Q23. Why is implementing a Bw-tree usually a bad idea?

A: It is genuinely hard. The protocol has many subtle correctness considerations (delta chain consolidation under concurrency, split propagation, epoch reclamation). Bug rates are high. Reasonable alternatives (COW publish/subscribe with tidwall/btree) handle 99% of needs with a fraction of the complexity. Implement a Bw-tree only if you are building a database engine and have measurement-backed evidence that COW is insufficient.

Q24. How do you debug a concurrent tree?

A: First, go test -race -count=100. Then add invariant assertions (e.g., "after Set, the tree contains the key"). Then profile with pprof to find hot spots and contention. Then use runtime/trace to see goroutine scheduling and blocking. For protocol design bugs, model checkers (TLA+) help.
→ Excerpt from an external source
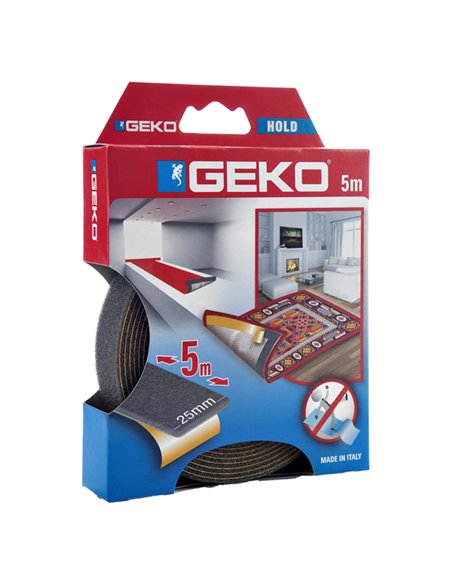 Nastro adesivo antiscivolo HOLD per tappeti e moquette 25mm x 5mt Geko 220/200 Geko SEGNALETICA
Q25. What is the cost of a tidwall/btree.Copy() followed by a series of writes?

A: Copy() is O(1). Each subsequent write to either tree triggers path-copy of O(log n) nodes (those with refcount > 1). For a tree with 1M entries (~5 levels), that is ~5 nodes per write, ~5 KB. For 1000 writes after a Copy, ~5 MB allocated. Acceptable for typical workloads; batch writes to reduce churn.

Staff Level¶

Q26. Architect a Hekaton-class in-memory transactional engine in Go.

A: Sketch:

• Per-table primary index: tidwall/btree with COW publish/subscribe per shard (16 shards).
• Per-table secondary indexes: same structure.
• Row storage: per-row mutex with version chains.
• Transactions: ID counter, snapshot at Begin, validation at Commit, commit log.
• MVCC: per-row XMin/XMax; visibility predicate consults commit log.
• WAL: group commit with fsync per ~1 ms.
• GC: background goroutine reclaims versions older than oldest snapshot.

Throughput: ~100k tx/sec, ~10M point reads/sec on modern hardware. Not Hekaton-class (which is C++) but sufficient for most Go applications.

Q27. Compare and contrast PostgreSQL nbtree vs BoltDB.

A: nbtree: WAL-protected B+-tree with Lehman-Yao B-link, latch crabbing, MVCC via XID tuples, VACUUM for GC. Multi-writer (per-row locks). BoltDB: COW B+-tree with mmap, single-writer with multi-version readers, page-level copy-on-write, no WAL (durability via meta page atomic update). nbtree is more concurrent but more complex; bbolt is simpler but limited to one writer.

Q28. Design a sharded distributed B+-tree for a globally consistent database.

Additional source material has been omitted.